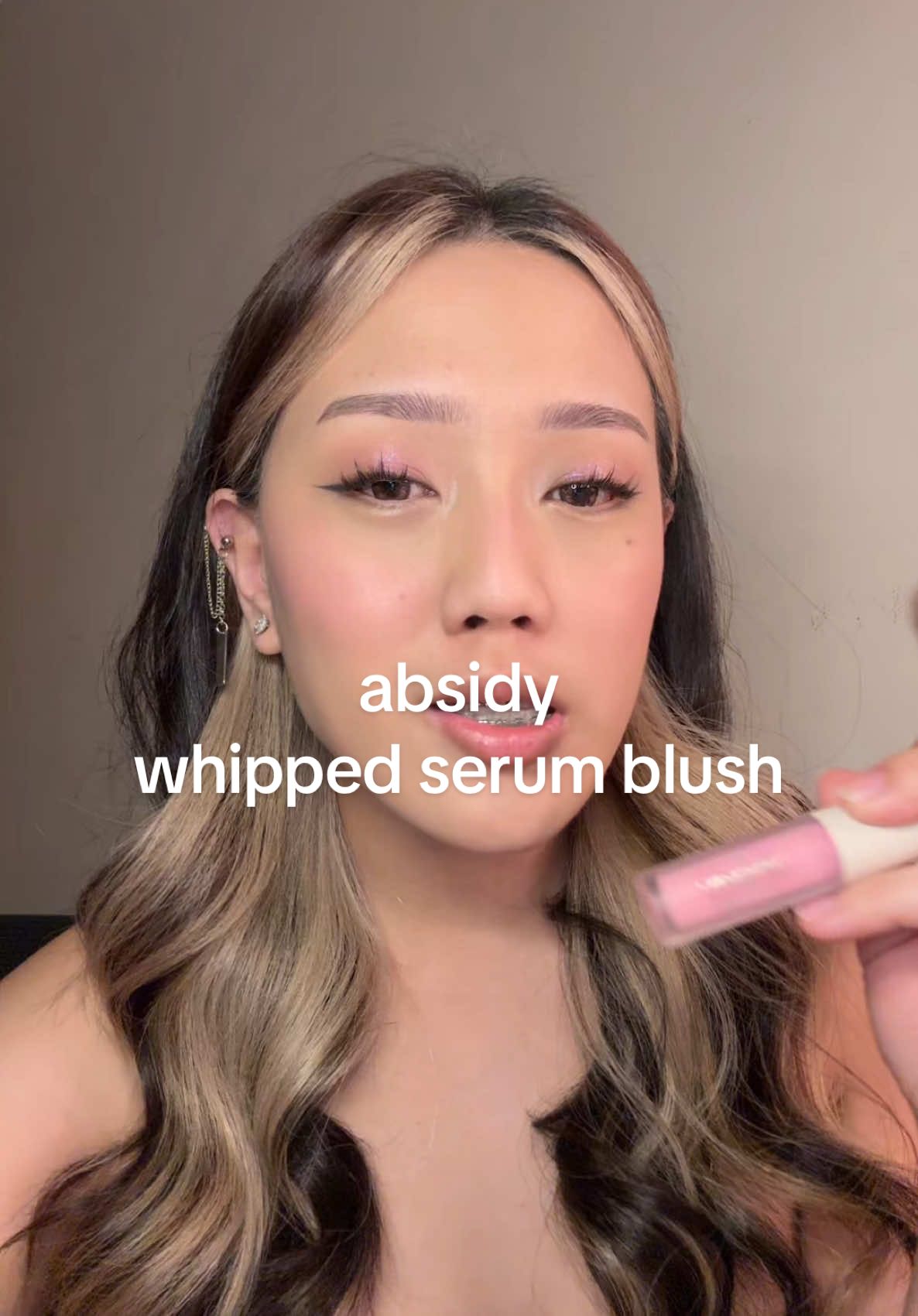 ito lang liquid blush na naubos ko!!! not sponsored but this is deadass my most favorite local liquid blush 💓 @Absidy Beauty i love uuuu and ur whipped serum blush 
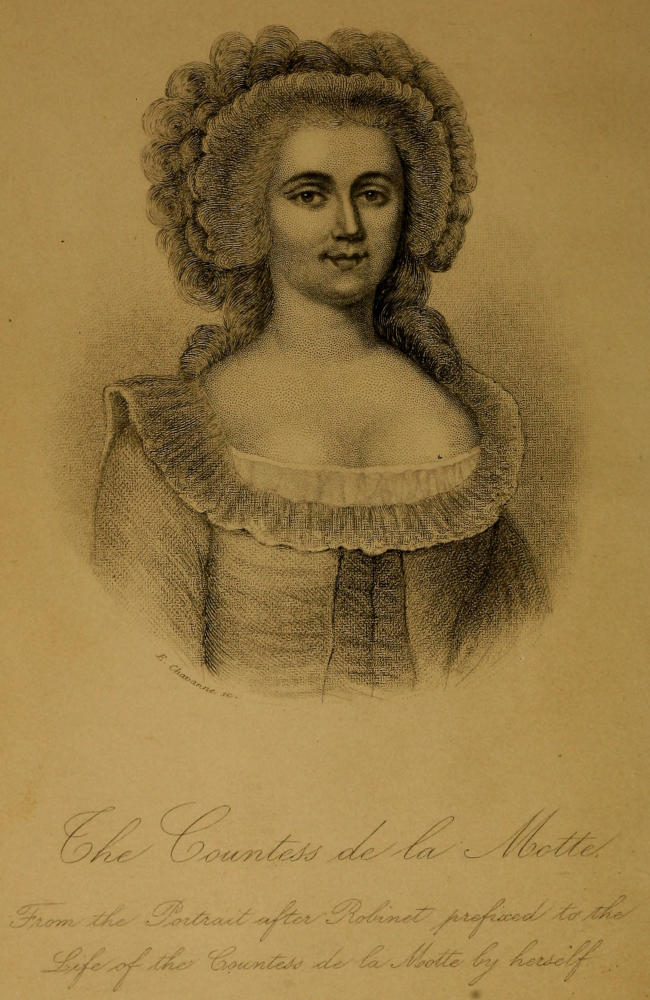 The Countess de la Motte.   From the Portrait after Robinet prefixed to the Life of the Countess de   la Motte by herself. E. Chavanne sc.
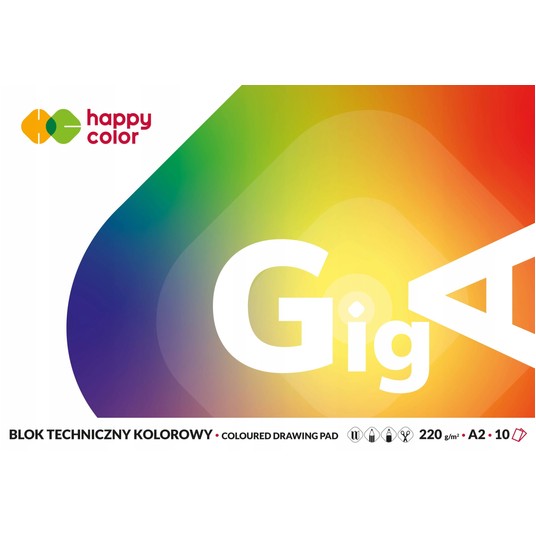 BLOK TECHNICZNY GIGA KOLOROWY A2,10 ARK,220G 7009 -zdjęcie numer 1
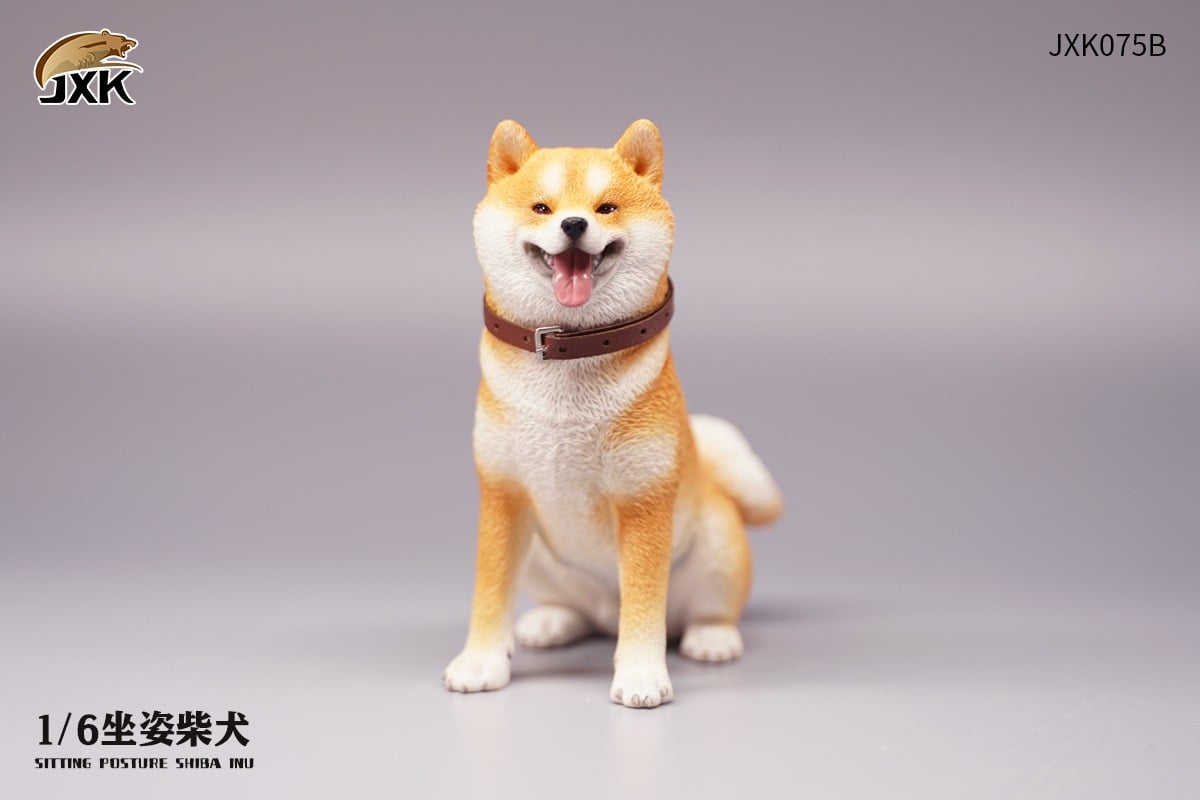 [สั่งจอง]JXK 1/6 : Sitting Shiba Inu
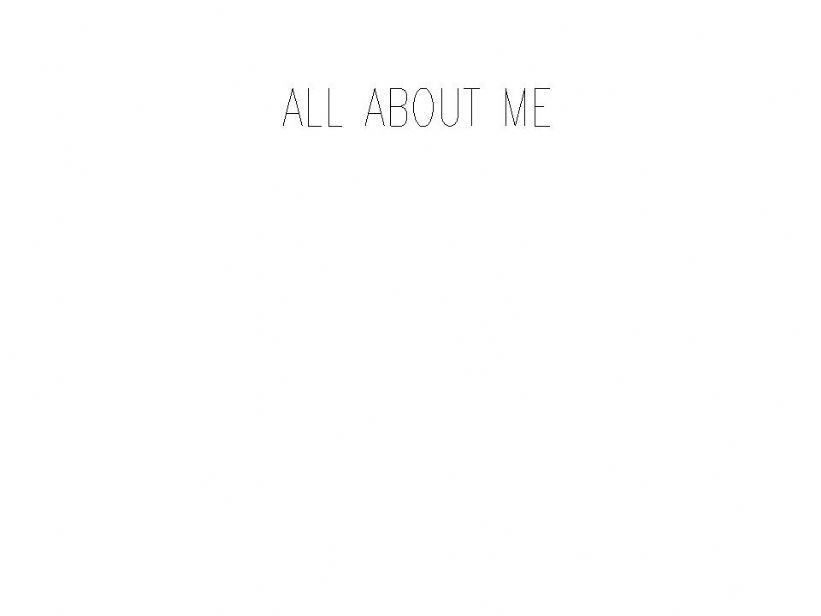 All about me powerpoint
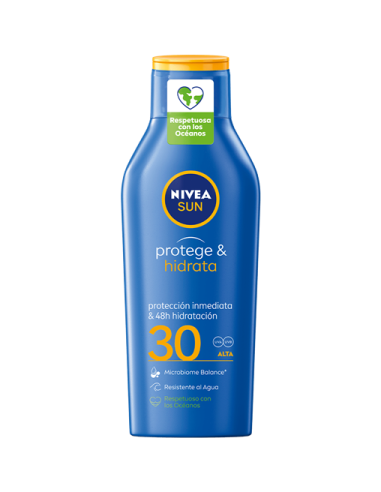 Bronceador Nivea 400 ml F-30 Protege e Hidrata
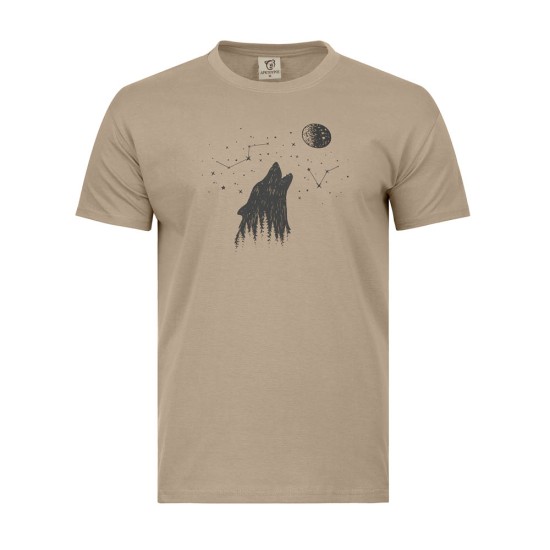 T-shirt Λύκος που ουρλιάζει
_ _ _ _ _
DIRECTIONS FOR THIS TASK
The output should consist of the records above, reproduced exactly, without pictures.

PROBLEM SOLUTION
 ito lang liquid blush na naubos ko!!! not sponsored but this is deadass my most favorite local liquid blush 💓 @Absidy Beauty i love uuuu and ur whipped serum blush 
 The Countess de la Motte.   From the Portrait after Robinet prefixed to the Life of the Countess de   la Motte by herself. E. Chavanne sc.
 BLOK TECHNICZNY GIGA KOLOROWY A2,10 ARK,220G 7009 -zdjęcie numer 1
 [สั่งจอง]JXK 1/6 : Sitting Shiba Inu
 All about me powerpoint
 Bronceador Nivea 400 ml F-30 Protege e Hidrata
 T-shirt Λύκος που ουρλιάζει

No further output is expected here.